#### Exercise data

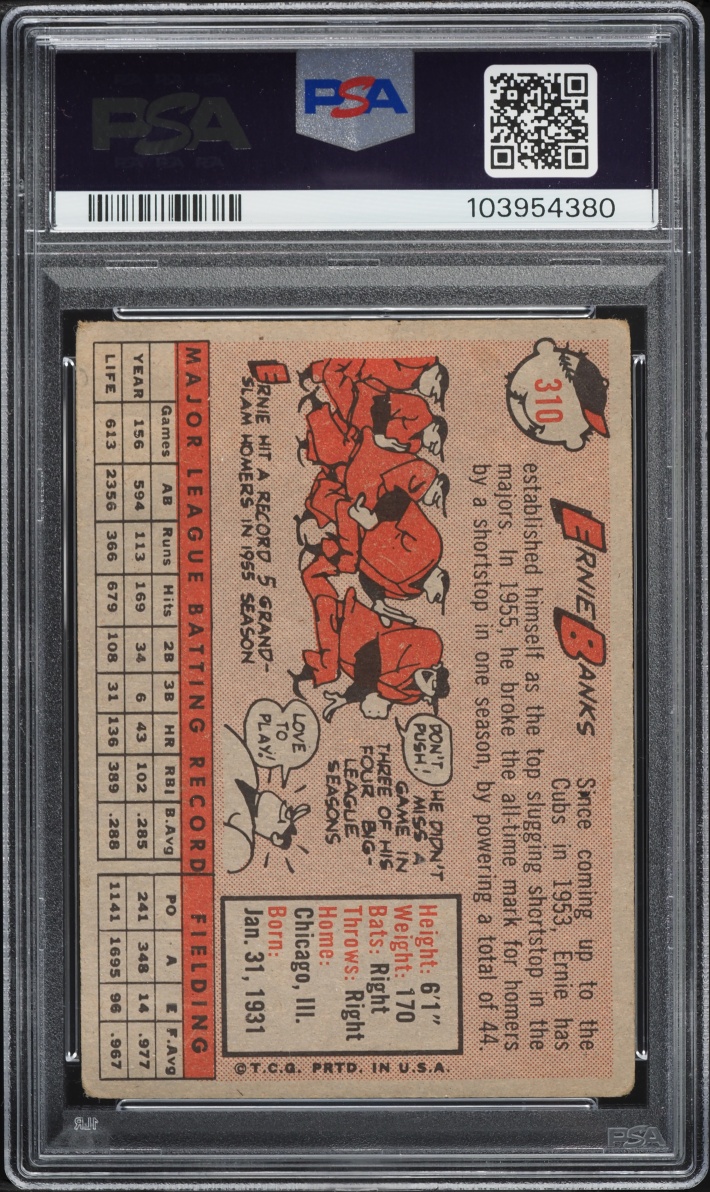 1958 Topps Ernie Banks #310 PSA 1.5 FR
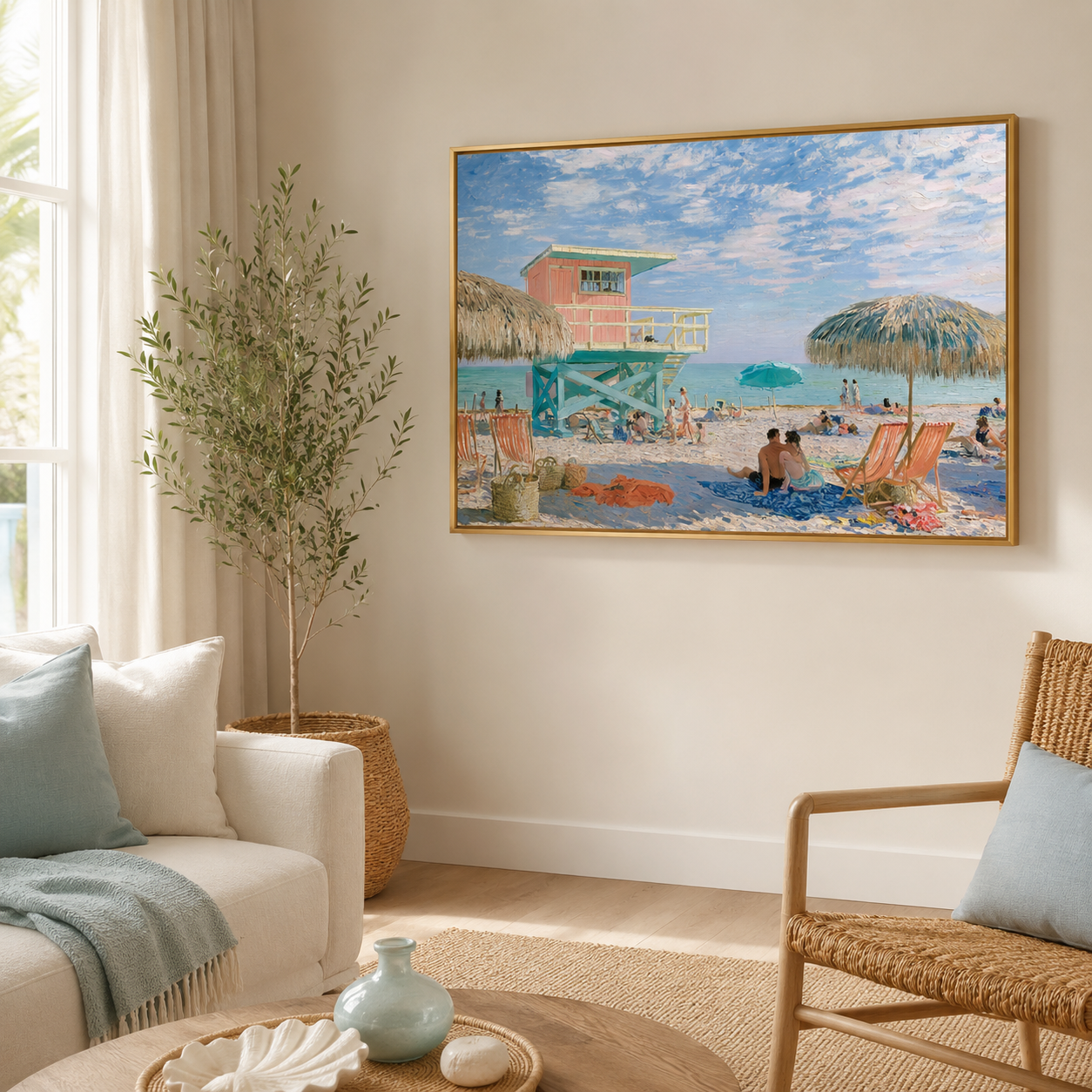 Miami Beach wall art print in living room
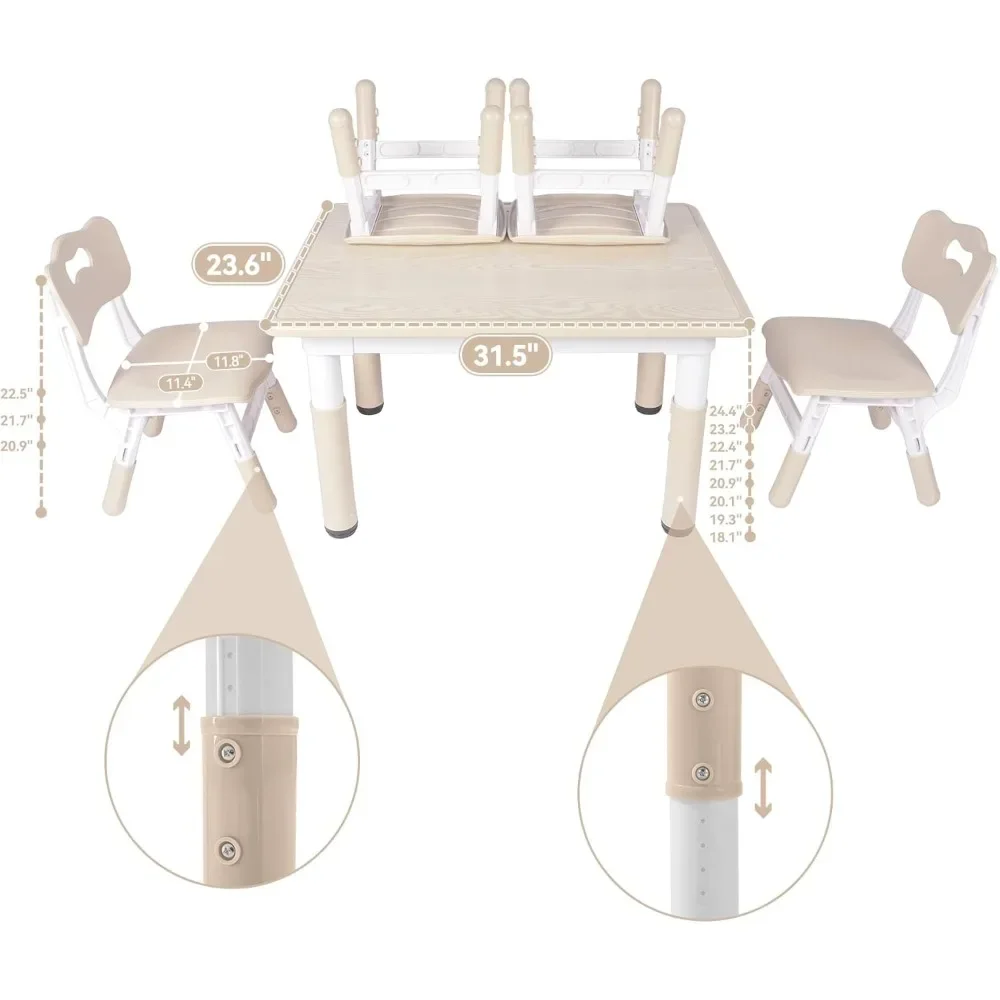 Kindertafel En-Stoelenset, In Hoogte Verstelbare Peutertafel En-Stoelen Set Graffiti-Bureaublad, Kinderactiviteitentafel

########
#### Exercise data

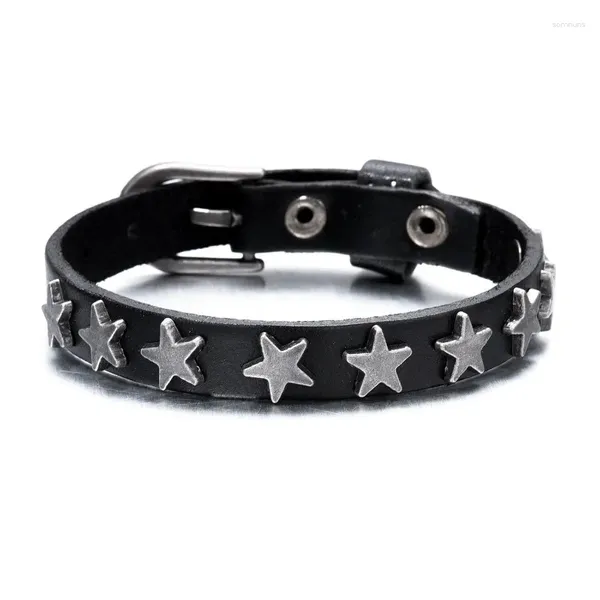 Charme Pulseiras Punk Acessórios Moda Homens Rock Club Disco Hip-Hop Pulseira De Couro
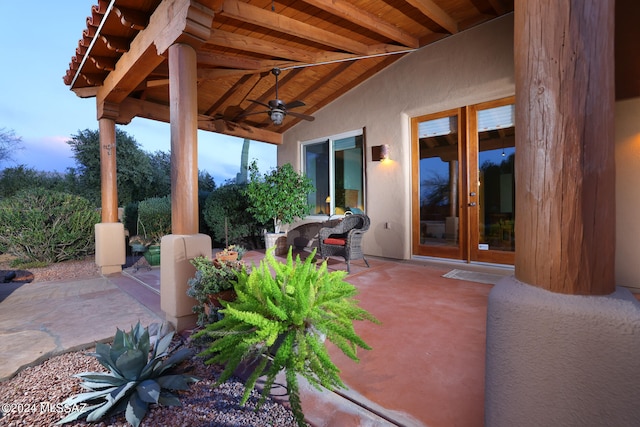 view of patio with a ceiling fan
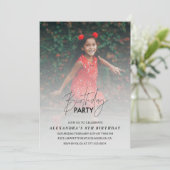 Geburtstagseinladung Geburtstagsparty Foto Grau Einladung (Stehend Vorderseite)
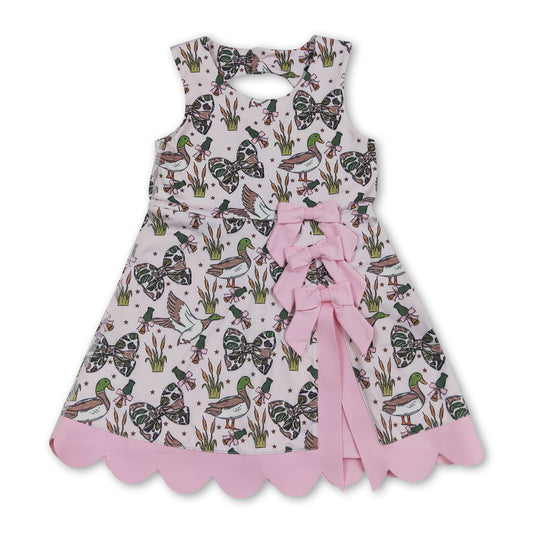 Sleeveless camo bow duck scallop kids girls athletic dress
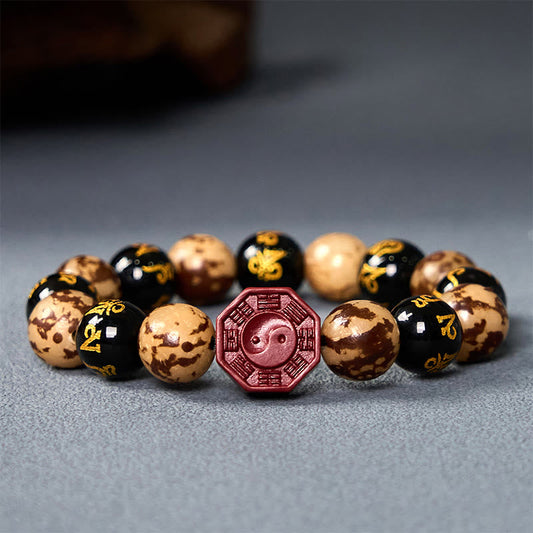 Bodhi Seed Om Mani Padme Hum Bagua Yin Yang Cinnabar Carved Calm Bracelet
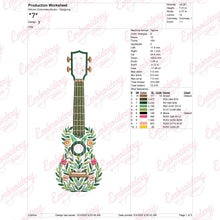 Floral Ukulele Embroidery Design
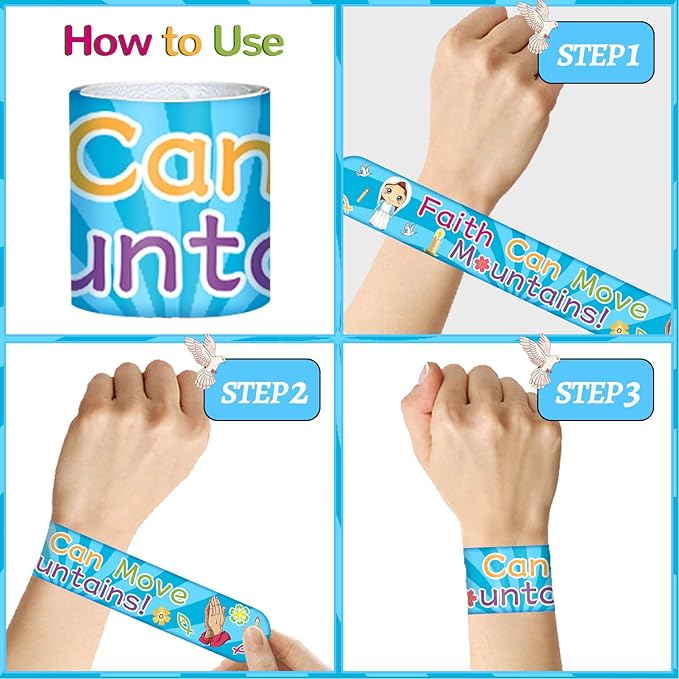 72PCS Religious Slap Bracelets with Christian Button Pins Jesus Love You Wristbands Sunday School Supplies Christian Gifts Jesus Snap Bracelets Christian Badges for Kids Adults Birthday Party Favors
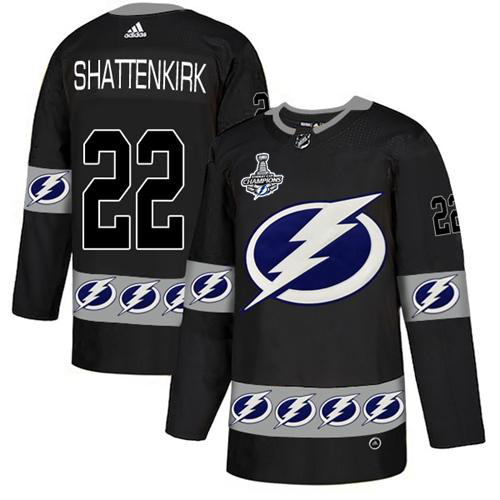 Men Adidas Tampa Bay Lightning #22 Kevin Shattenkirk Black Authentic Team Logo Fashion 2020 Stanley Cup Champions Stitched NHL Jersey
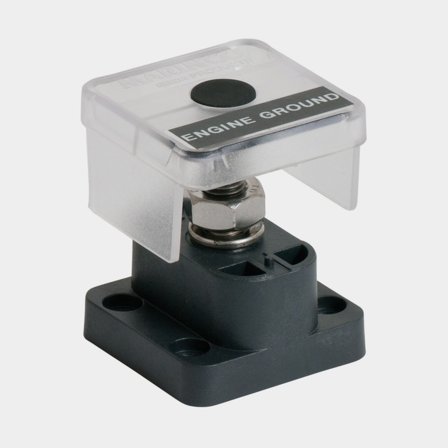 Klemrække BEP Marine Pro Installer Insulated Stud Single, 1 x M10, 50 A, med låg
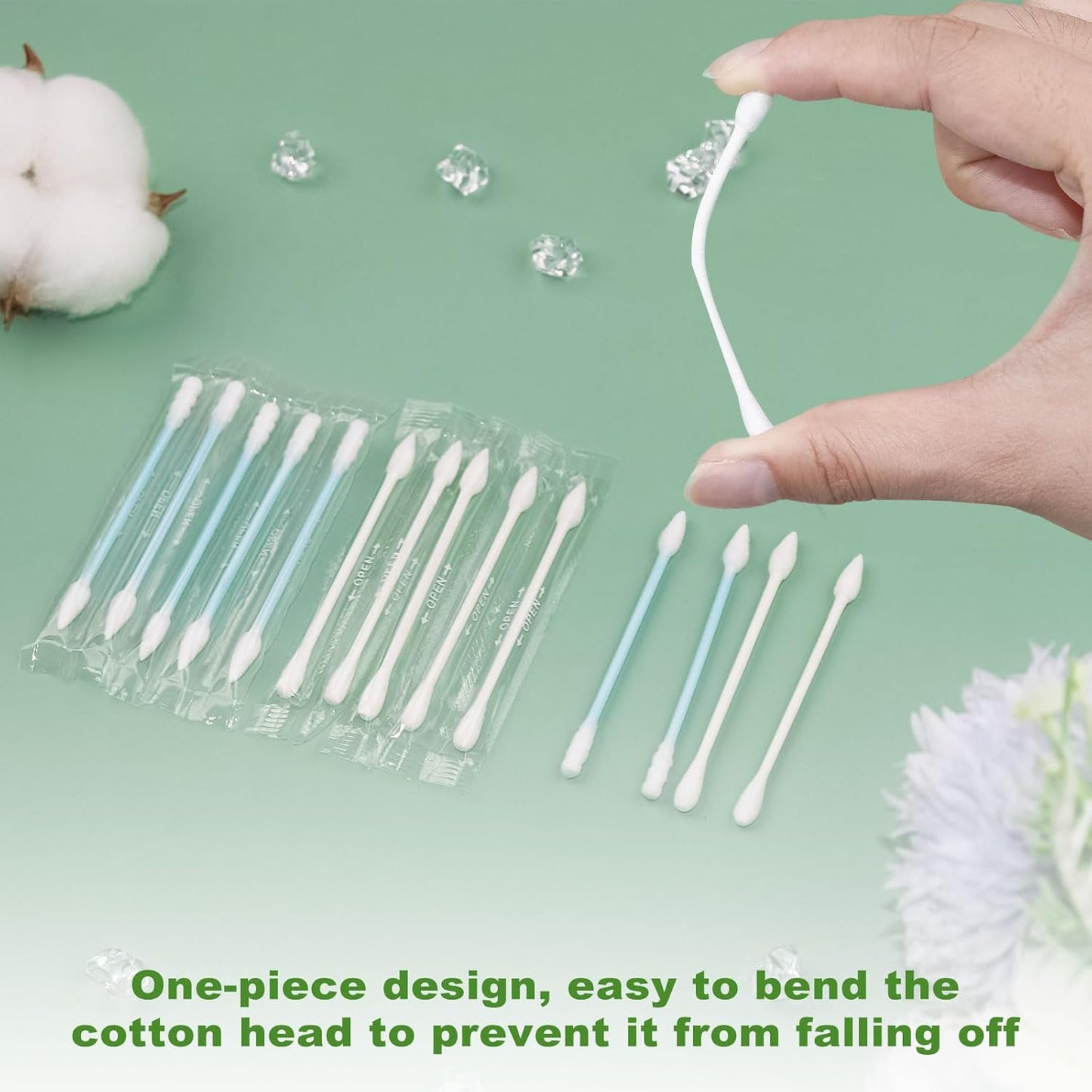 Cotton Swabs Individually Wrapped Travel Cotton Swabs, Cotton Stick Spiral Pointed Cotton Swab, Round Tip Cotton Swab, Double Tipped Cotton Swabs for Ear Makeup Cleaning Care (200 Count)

########
#### Exercise data

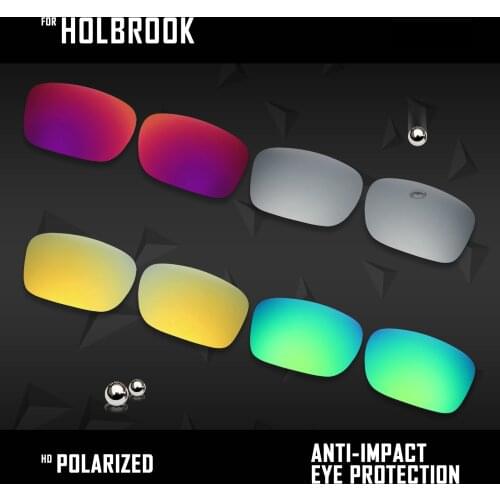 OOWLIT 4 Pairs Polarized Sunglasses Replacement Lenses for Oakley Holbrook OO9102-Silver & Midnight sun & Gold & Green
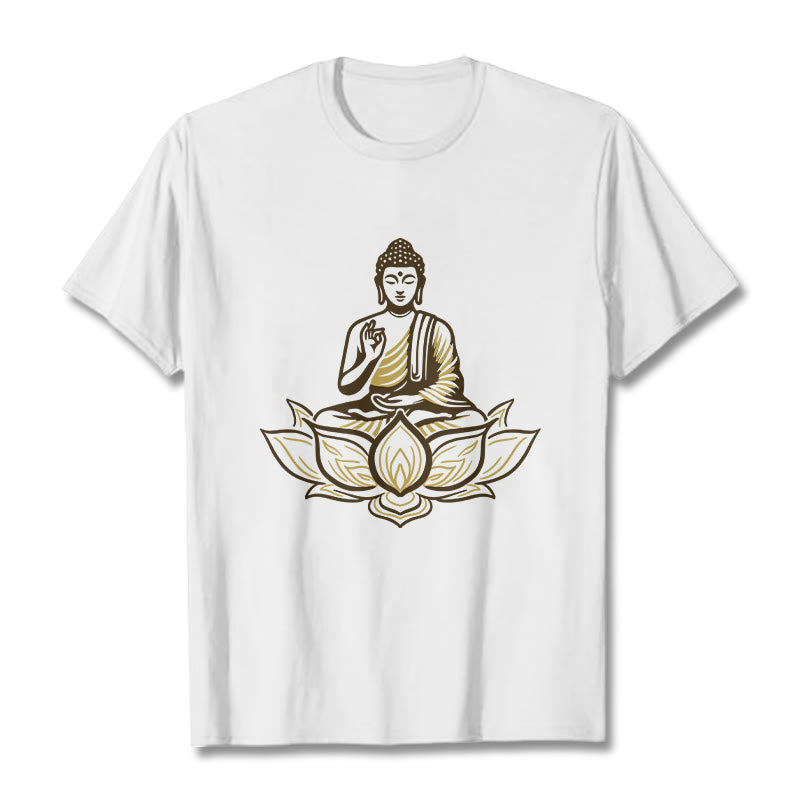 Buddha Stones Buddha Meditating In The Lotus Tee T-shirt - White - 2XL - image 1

########

▶ Work instruction
Give exactly the lines above that run from the line with "OOWLIT 4 Pairs" to the line with "Buddha Stones Buddha", both included, leaving every picture out.

▶ Exercise answer
 OOWLIT 4 Pairs Polarized Sunglasses Replacement Lenses for Oakley Holbrook OO9102-Silver & Midnight sun & Gold & Green
 Buddha Stones Buddha Meditating In The Lotus Tee T-shirt - White - 2XL - image 1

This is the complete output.